• Directions for this task: Transcribe every entry exactly, leaving out any pictures.
---- Data to use
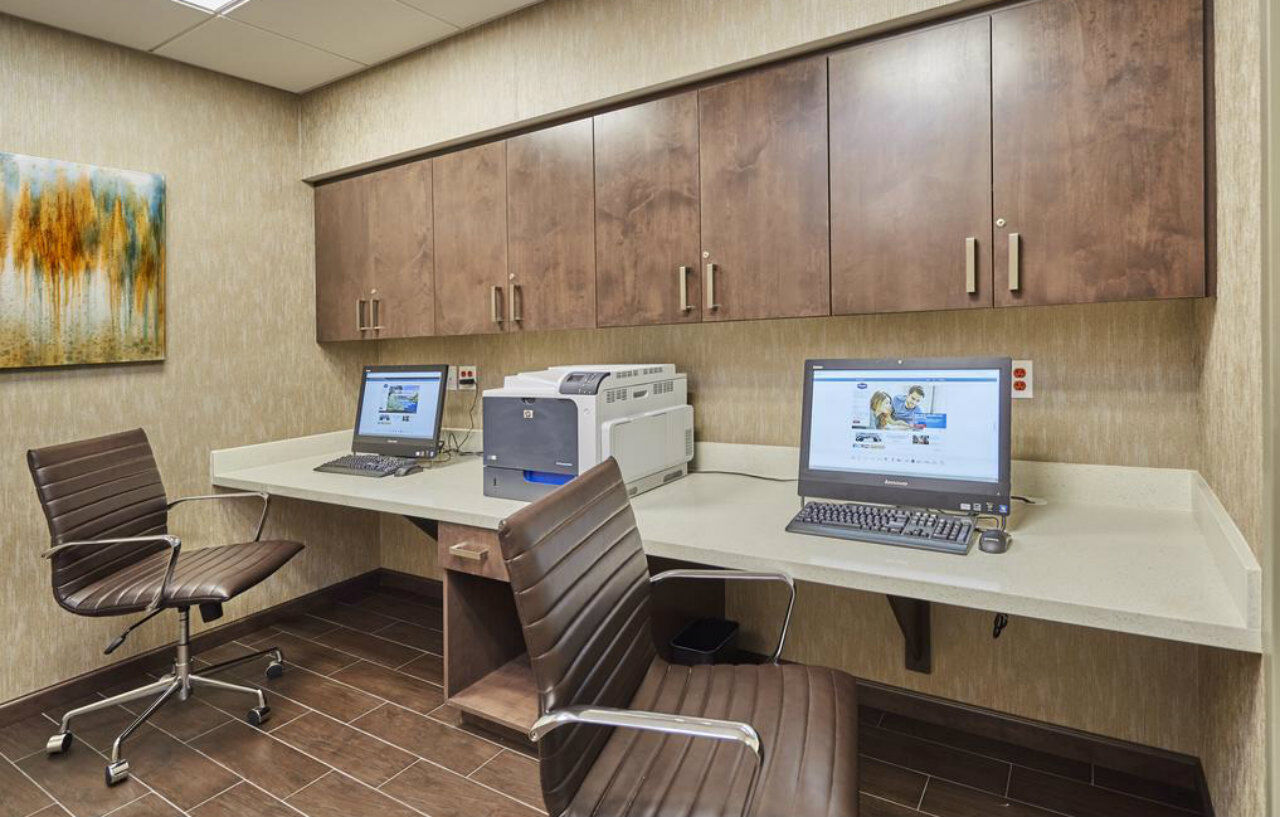 Hampton Inn & Suites Hood River Esterno foto
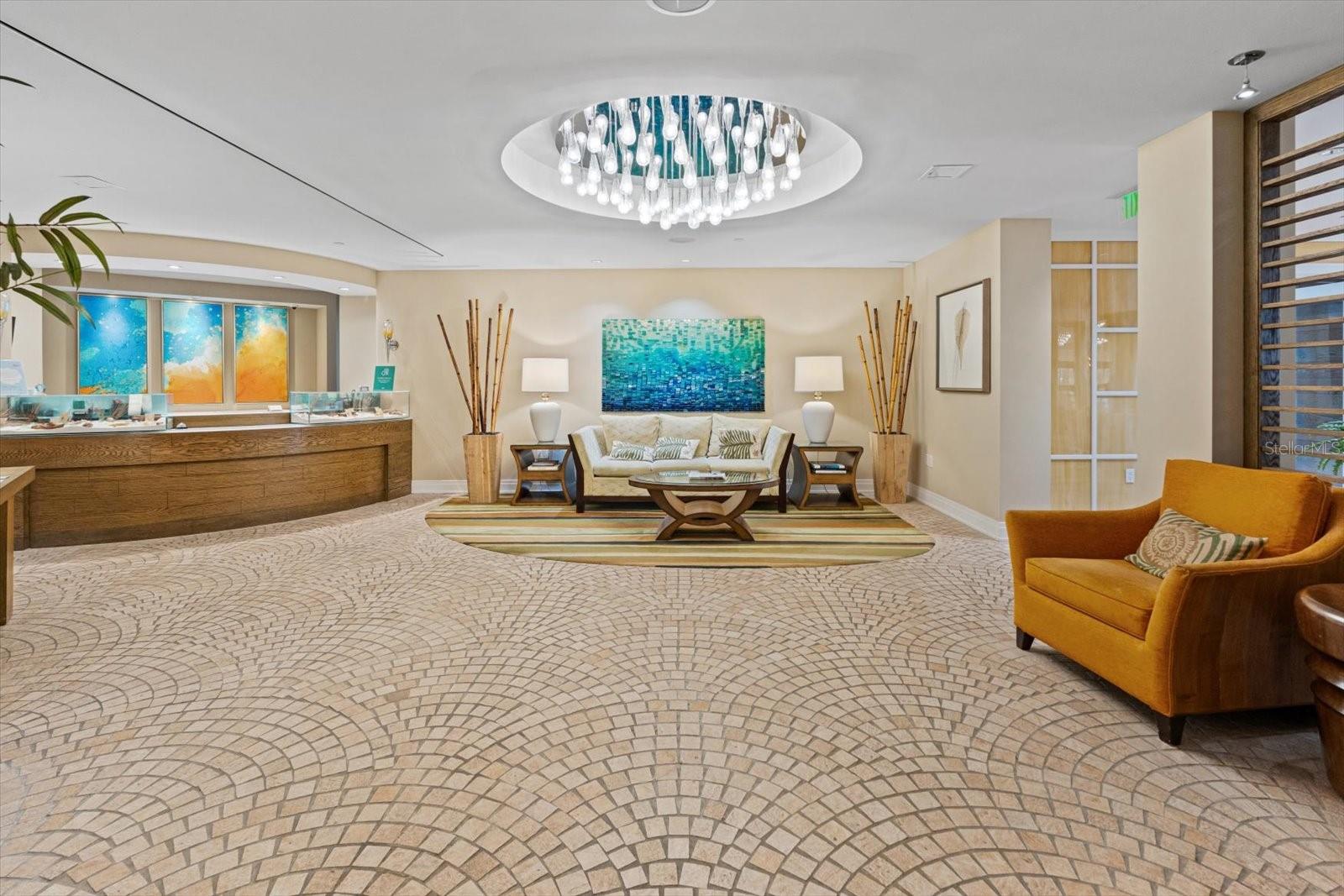 915 SEASIDE DR #405, WEEKS 22-23, SARASOTA, FL, 34242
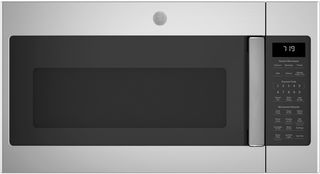 GE® Series 1.9 Cu. Ft. Stainless Steel Over The Range Microwave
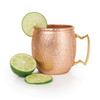 Hammered Mule Mug by Twine Living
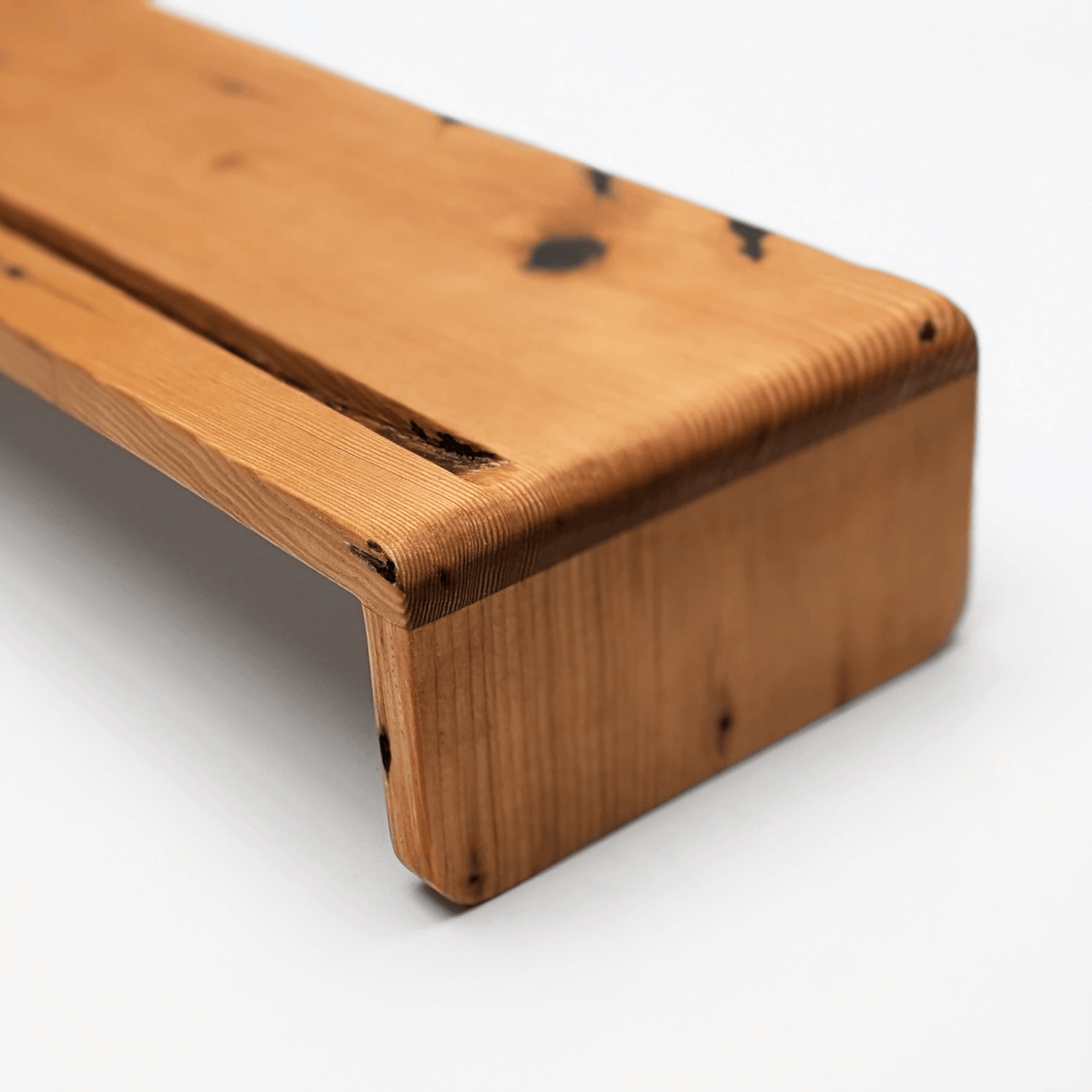 Raise Desk Shelf - Monitor Stand with Storage Slot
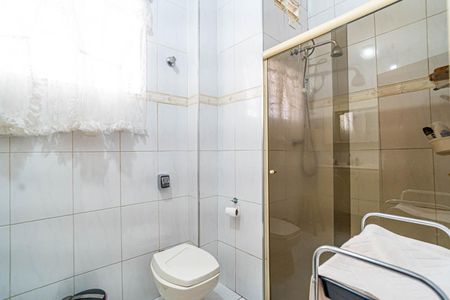 Apartamento à venda com 97m², 3 quartos e 1 vaga Apartamento à venda com 97m², 3 quartos e 1 vagaBanheiro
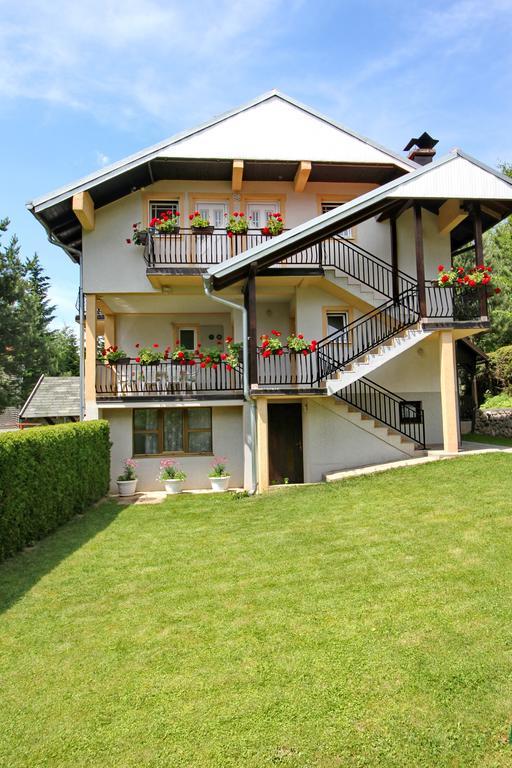 Apartments Junior Zlatibor Ngoại thất bức ảnh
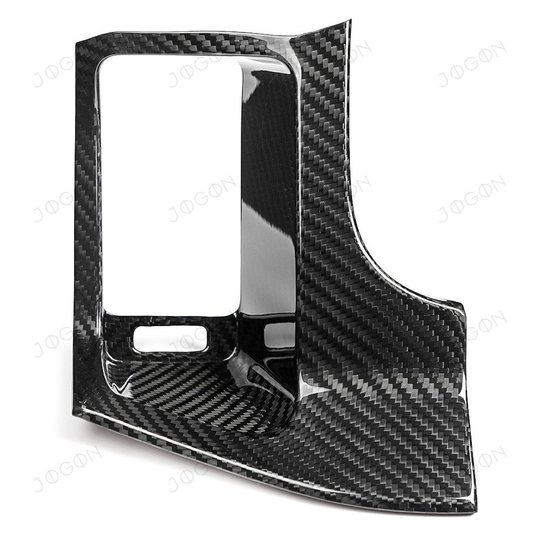 For Ford Bronco Raptor Heritage Badlands Stroppe 2021-2026 Center Dashboard Display Cover D3FT041A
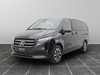 Mercedes Vans Vito tourer 116 cdi long select 9g-tronic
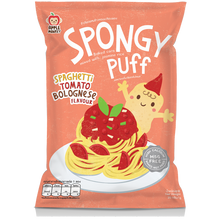 Load image into Gallery viewer, Apple Monkey - Spongy Puff (6833888526370)
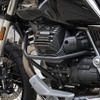 モト・グッツィ V85TT グアルディア ドノーレ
--------
• Solution to the problem:
 Hampton Inn & Suites Hood River Esterno foto
 915 SEASIDE DR #405, WEEKS 22-23, SARASOTA, FL, 34242
 GE® Series 1.9 Cu. Ft. Stainless Steel Over The Range Microwave
 Hammered Mule Mug by Twine Living
 Raise Desk Shelf - Monitor Stand with Storage Slot
 Apartamento à venda com 97m², 3 quartos e 1 vaga Apartamento à venda com 97m², 3 quartos e 1 vagaBanheiro
 Apartments Junior Zlatibor Ngoại thất bức ảnh
 For Ford Bronco Raptor Heritage Badlands Stroppe 2021-2026 Center Dashboard Display Cover D3FT041A
 Mercedes Vans Vito tourer 116 cdi long select 9g-tronic
 Load image into Gallery viewer, Apple Monkey - Spongy Puff (6833888526370)
 モト・グッツィ V85TT グアルディア ドノーレ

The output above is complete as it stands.